Combining Relational and Distributional Knowledge for Word Sense Disambiguation

Richard Johansson
Språkbanken, Department of Swedish, University of Gothenburg, Gothenburg, Sweden

Luis Nieto Piña
Språkbanken, Department of Swedish, University of Gothenburg, Gothenburg, Sweden

Ingår i: Proceedings of the 20th Nordic Conference of Computational Linguistics, NODALIDA 2015, May 11-13, 2015, Vilnius, Lithuania

Linköping Electronic Conference Proceedings 109:11, s. 69-78

NEALT Proceedings Series 23:11, p. 69-78

Publicerad: 2015-05-06

ISBN: 978-91-7519-098-3

ISSN: 1650-3686 (tryckt), 1650-3740 (online)

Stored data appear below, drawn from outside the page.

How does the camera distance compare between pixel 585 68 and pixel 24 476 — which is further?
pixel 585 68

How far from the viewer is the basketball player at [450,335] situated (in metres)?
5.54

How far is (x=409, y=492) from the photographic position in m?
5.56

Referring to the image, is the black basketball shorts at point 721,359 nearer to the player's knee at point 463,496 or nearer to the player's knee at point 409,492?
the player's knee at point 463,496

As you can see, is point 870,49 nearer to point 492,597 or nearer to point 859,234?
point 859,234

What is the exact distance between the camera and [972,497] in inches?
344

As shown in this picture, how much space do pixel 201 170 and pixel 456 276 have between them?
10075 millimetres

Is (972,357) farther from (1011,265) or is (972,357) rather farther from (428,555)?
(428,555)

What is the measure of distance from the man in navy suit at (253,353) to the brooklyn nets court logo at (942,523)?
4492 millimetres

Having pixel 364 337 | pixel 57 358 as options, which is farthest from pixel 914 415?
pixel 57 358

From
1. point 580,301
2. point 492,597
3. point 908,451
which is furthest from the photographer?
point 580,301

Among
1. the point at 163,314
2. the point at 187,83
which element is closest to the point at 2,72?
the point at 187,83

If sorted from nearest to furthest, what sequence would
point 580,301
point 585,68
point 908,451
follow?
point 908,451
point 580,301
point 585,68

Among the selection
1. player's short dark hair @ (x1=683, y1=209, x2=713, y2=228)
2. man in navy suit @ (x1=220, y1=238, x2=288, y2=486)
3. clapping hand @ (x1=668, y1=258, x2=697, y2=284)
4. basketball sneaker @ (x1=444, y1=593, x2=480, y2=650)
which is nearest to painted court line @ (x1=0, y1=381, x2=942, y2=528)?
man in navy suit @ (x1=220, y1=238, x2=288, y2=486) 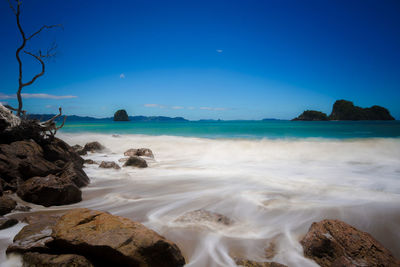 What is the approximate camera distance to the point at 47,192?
3871 millimetres

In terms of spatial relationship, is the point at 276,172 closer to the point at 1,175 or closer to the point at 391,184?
the point at 391,184

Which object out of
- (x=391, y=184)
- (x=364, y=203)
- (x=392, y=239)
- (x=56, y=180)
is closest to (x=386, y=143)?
(x=391, y=184)

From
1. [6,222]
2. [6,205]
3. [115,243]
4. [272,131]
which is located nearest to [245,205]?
[115,243]

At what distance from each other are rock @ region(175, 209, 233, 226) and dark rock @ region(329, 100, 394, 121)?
11291 cm

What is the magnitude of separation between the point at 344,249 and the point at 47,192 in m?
4.57

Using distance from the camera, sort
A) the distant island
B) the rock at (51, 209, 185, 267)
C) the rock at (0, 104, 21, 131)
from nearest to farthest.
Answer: the rock at (51, 209, 185, 267) → the rock at (0, 104, 21, 131) → the distant island

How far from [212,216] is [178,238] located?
76 cm

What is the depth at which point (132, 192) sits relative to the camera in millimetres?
4984

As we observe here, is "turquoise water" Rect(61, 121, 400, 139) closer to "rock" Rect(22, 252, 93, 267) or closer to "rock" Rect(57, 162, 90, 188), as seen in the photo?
"rock" Rect(57, 162, 90, 188)

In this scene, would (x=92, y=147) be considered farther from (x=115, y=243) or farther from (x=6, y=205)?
(x=115, y=243)

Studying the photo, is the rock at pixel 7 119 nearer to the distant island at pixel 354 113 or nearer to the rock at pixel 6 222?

We present a new approach to word sense disambiguation derived from recent ideas in distributional semantics. The input to the algorithm is a large unlabeled corpus and a graph describing how senses are related; no annotated corpus is needed. The fundamental idea is to embed meaning representations of senses in the same continuous-valued vector space as the representations of words. In this way, the knowledge encoded in the lexical resource is combined with the information derived by the distributional methods. Once this step has been carried out, the sense representations can be plugged back into e.g. the skip-gram model, which allows us to compute scores for the different possible senses of a word in a given context. We evaluated the new word sense disambiguation system on two Swedish test sets annotated with senses defined by the SALDO lexical resource. In both evaluations, our system soundly outperformed random and first-sense baselines. Its accuracy was close to that of a state-of-the-art graph-based system, while being computationally much more efficient.